### DATASET RECORDS
◆ ◆ ◆
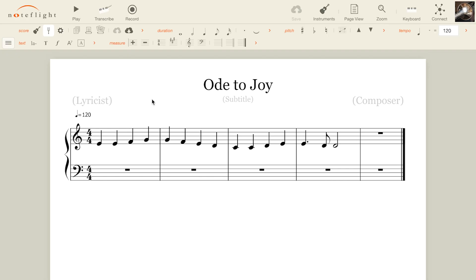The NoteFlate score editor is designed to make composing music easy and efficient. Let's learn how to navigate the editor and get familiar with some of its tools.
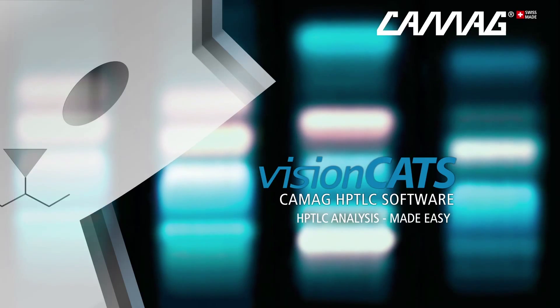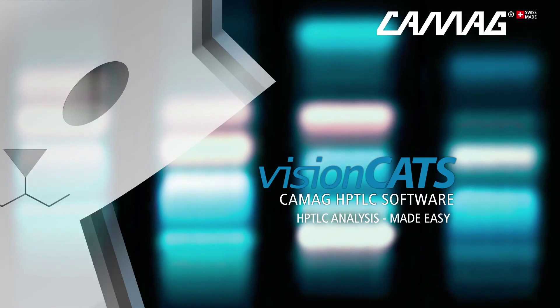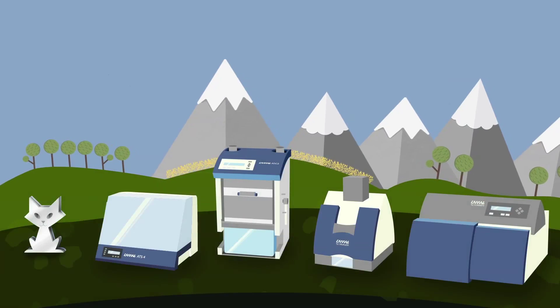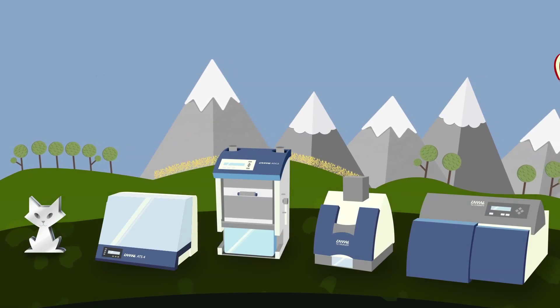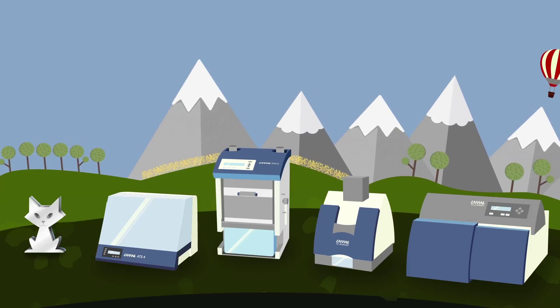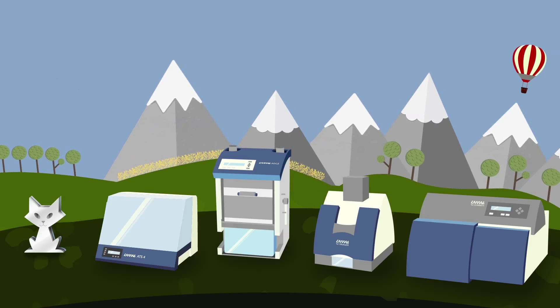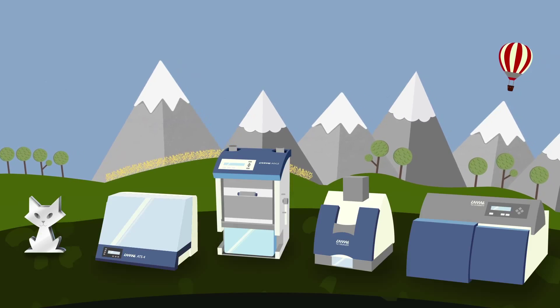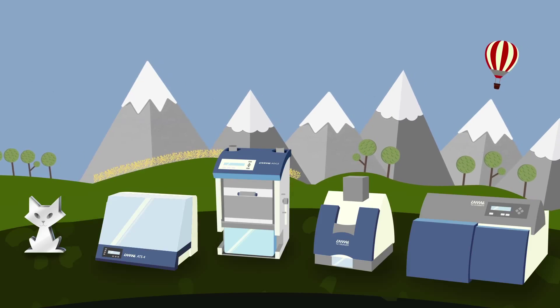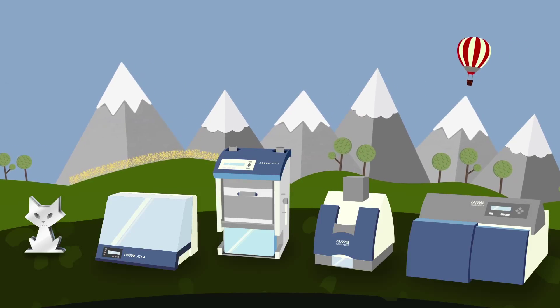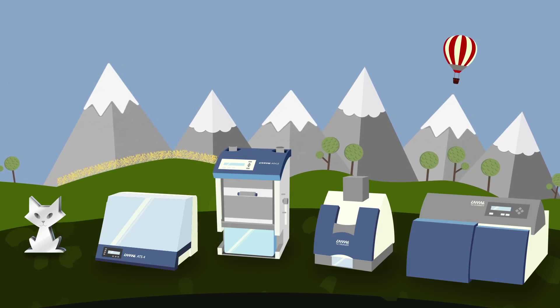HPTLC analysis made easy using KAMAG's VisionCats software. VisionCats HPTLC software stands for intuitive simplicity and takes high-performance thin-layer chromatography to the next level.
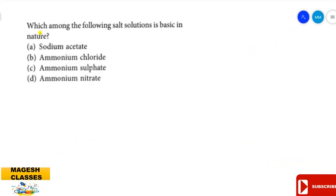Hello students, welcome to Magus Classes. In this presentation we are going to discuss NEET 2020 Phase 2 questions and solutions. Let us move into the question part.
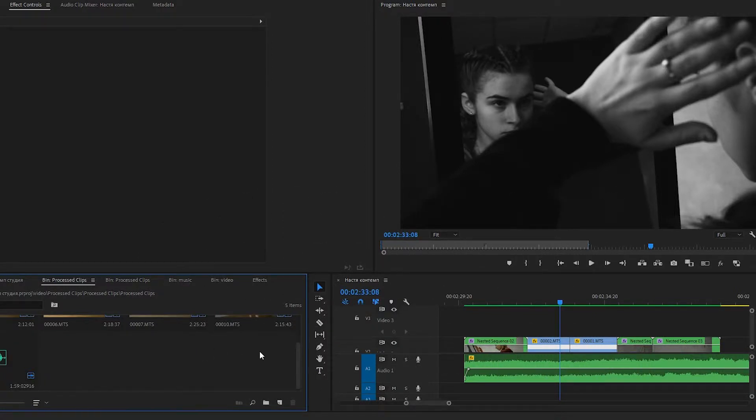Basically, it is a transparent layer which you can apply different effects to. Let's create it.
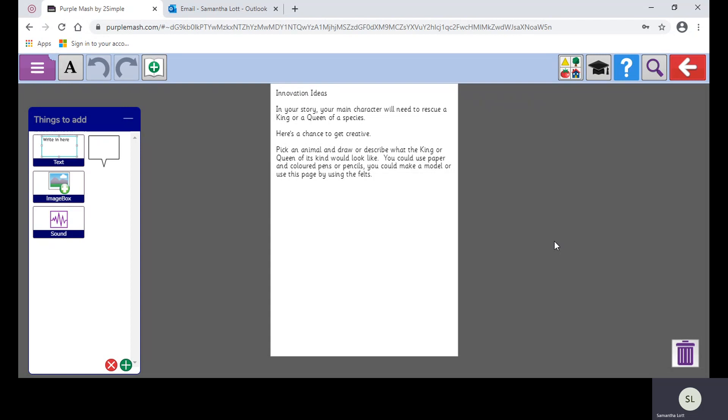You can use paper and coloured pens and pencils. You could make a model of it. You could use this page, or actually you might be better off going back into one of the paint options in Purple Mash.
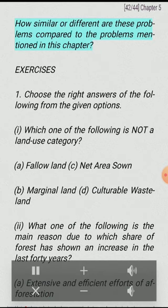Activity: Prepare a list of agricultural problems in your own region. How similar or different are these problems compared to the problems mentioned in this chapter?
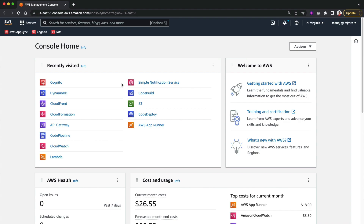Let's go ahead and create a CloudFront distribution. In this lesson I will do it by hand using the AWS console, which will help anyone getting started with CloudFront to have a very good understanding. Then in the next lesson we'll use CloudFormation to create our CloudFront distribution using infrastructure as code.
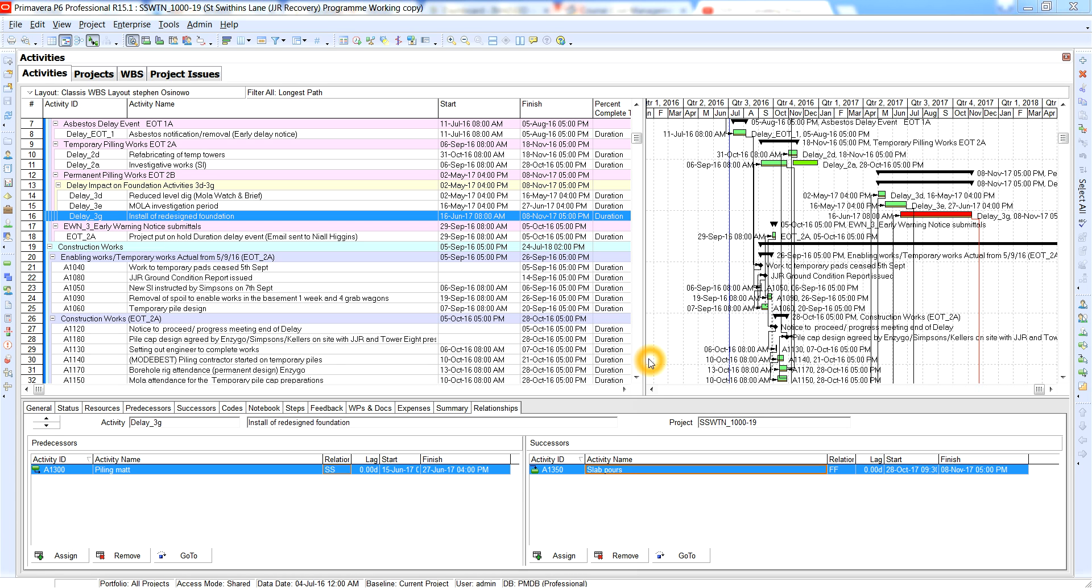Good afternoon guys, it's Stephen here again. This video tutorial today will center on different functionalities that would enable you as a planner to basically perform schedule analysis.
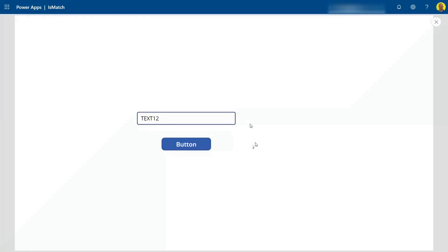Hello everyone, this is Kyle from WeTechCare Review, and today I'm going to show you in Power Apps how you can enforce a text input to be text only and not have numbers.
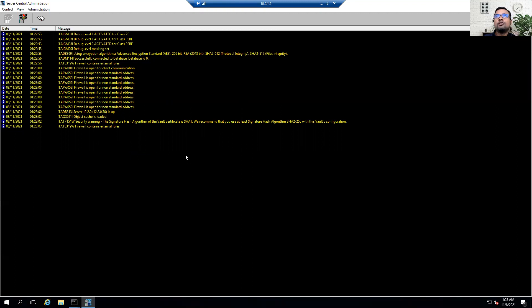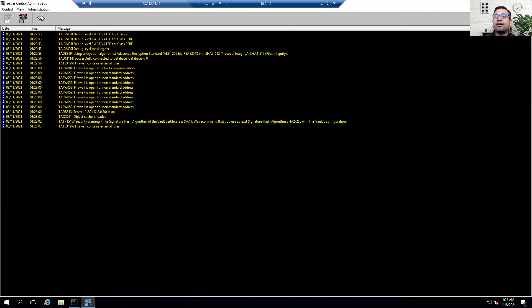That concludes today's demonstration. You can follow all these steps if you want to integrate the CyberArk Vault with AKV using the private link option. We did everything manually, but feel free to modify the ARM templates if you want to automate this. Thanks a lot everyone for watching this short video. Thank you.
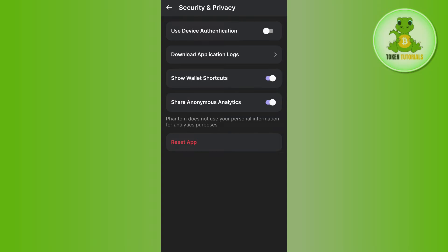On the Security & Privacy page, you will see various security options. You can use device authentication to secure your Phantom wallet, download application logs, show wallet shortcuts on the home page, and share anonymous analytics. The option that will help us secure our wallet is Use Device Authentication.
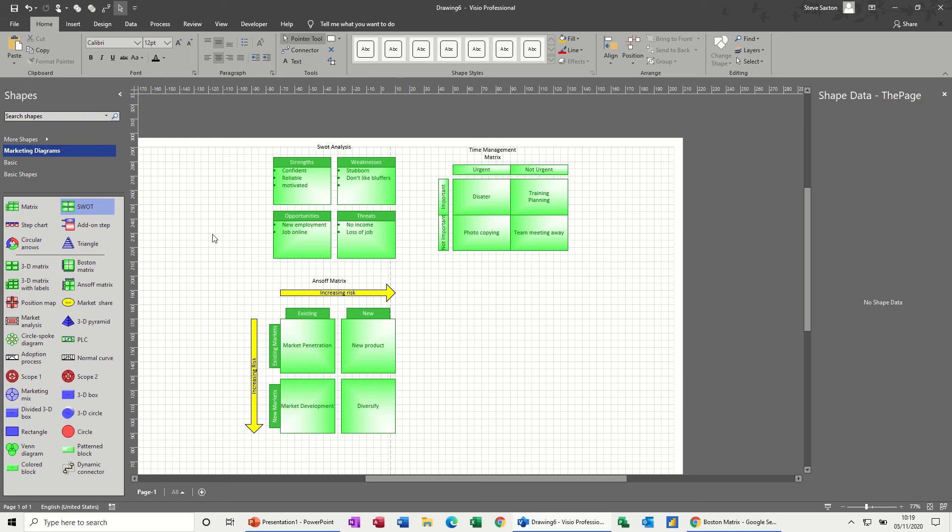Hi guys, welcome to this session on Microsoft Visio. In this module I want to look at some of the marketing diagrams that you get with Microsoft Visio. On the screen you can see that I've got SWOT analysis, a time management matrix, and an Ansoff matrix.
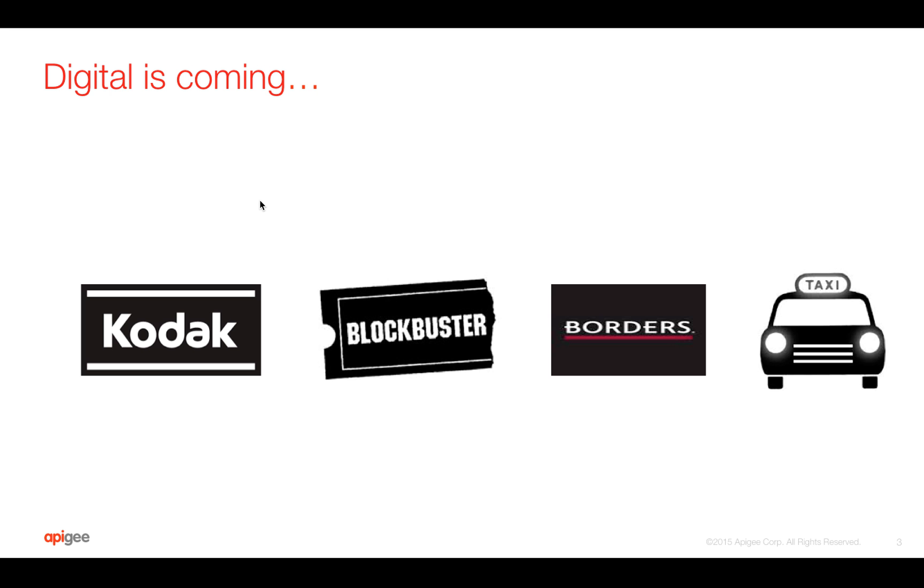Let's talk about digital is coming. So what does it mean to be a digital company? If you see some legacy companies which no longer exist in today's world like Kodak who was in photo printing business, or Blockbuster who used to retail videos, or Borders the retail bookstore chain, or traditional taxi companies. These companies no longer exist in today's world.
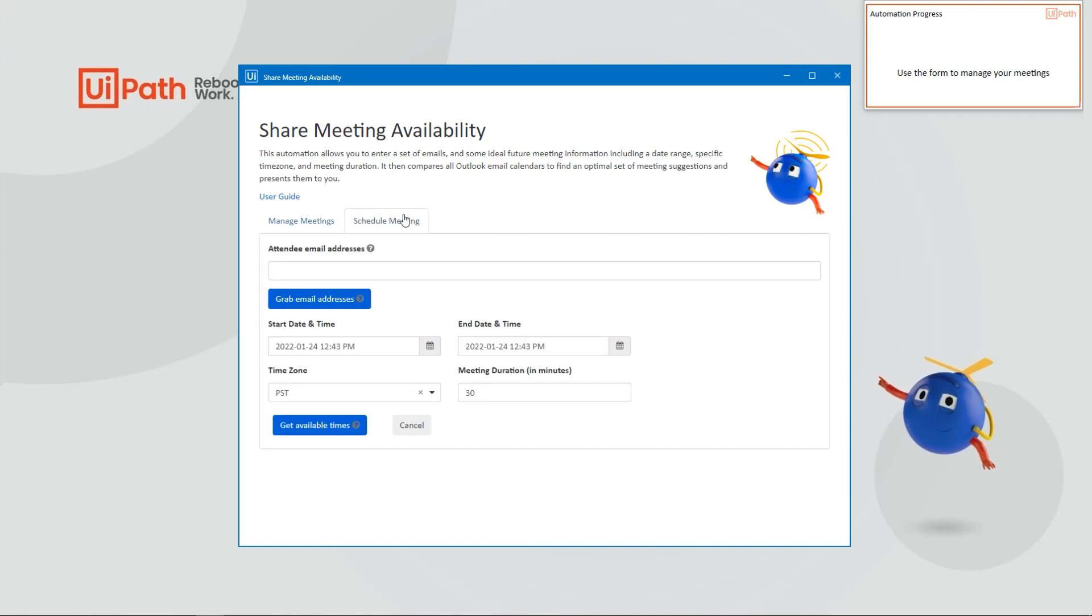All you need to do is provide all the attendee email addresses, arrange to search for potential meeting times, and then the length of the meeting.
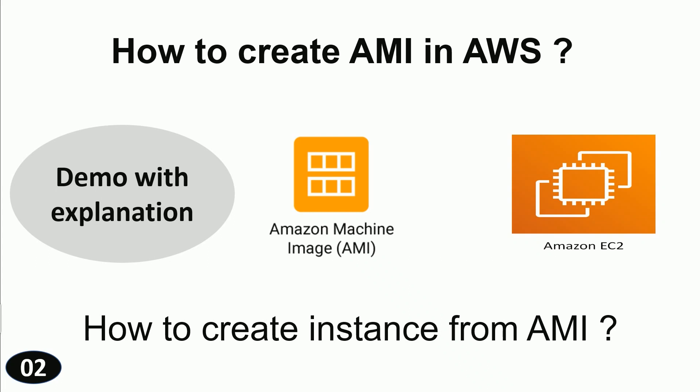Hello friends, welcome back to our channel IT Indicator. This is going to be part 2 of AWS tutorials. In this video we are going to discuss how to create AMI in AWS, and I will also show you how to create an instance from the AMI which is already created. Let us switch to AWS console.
◆ ◆ ◆
### PROBLEM DETAILS
Return the material in full, word for word, and skip the pictures.

### OUTPUT OF THE TASK
The NoteFlate score editor is designed to make composing music easy and efficient. Let's learn how to navigate the editor and get familiar with some of its tools.
HPTLC analysis made easy using KAMAG's VisionCats software. VisionCats HPTLC software stands for intuitive simplicity and takes high-performance thin-layer chromatography to the next level.
Hello students, welcome to Magus Classes. In this presentation we are going to discuss NEET 2020 Phase 2 questions and solutions. Let us move into the question part.
Basically, it is a transparent layer which you can apply different effects to. Let's create it.
You can use paper and coloured pens and pencils. You could make a model of it. You could use this page, or actually you might be better off going back into one of the paint options in Purple Mash.
Activity: Prepare a list of agricultural problems in your own region. How similar or different are these problems compared to the problems mentioned in this chapter?
Let's go ahead and create a CloudFront distribution. In this lesson I will do it by hand using the AWS console, which will help anyone getting started with CloudFront to have a very good understanding. Then in the next lesson we'll use CloudFormation to create our CloudFront distribution using infrastructure as code.
Good afternoon guys, it's Stephen here again. This video tutorial today will center on different functionalities that would enable you as a planner to basically perform schedule analysis.
Hello everyone, this is Kyle from WeTechCare Review, and today I'm going to show you in Power Apps how you can enforce a text input to be text only and not have numbers.
That concludes today's demonstration. You can follow all these steps if you want to integrate the CyberArk Vault with AKV using the private link option. We did everything manually, but feel free to modify the ARM templates if you want to automate this. Thanks a lot everyone for watching this short video. Thank you.
On the Security & Privacy page, you will see various security options. You can use device authentication to secure your Phantom wallet, download application logs, show wallet shortcuts on the home page, and share anonymous analytics. The option that will help us secure our wallet is Use Device Authentication.
Hi guys, welcome to this session on Microsoft Visio. In this module I want to look at some of the marketing diagrams that you get with Microsoft Visio. On the screen you can see that I've got SWOT analysis, a time management matrix, and an Ansoff matrix.
Let's talk about digital is coming. So what does it mean to be a digital company? If you see some legacy companies which no longer exist in today's world like Kodak who was in photo printing business, or Blockbuster who used to retail videos, or Borders the retail bookstore chain, or traditional taxi companies. These companies no longer exist in today's world.
All you need to do is provide all the attendee email addresses, arrange to search for potential meeting times, and then the length of the meeting.
Hello friends, welcome back to our channel IT Indicator. This is going to be part 2 of AWS tutorials. In this video we are going to discuss how to create AMI in AWS, and I will also show you how to create an instance from the AMI which is already created. Let us switch to AWS console.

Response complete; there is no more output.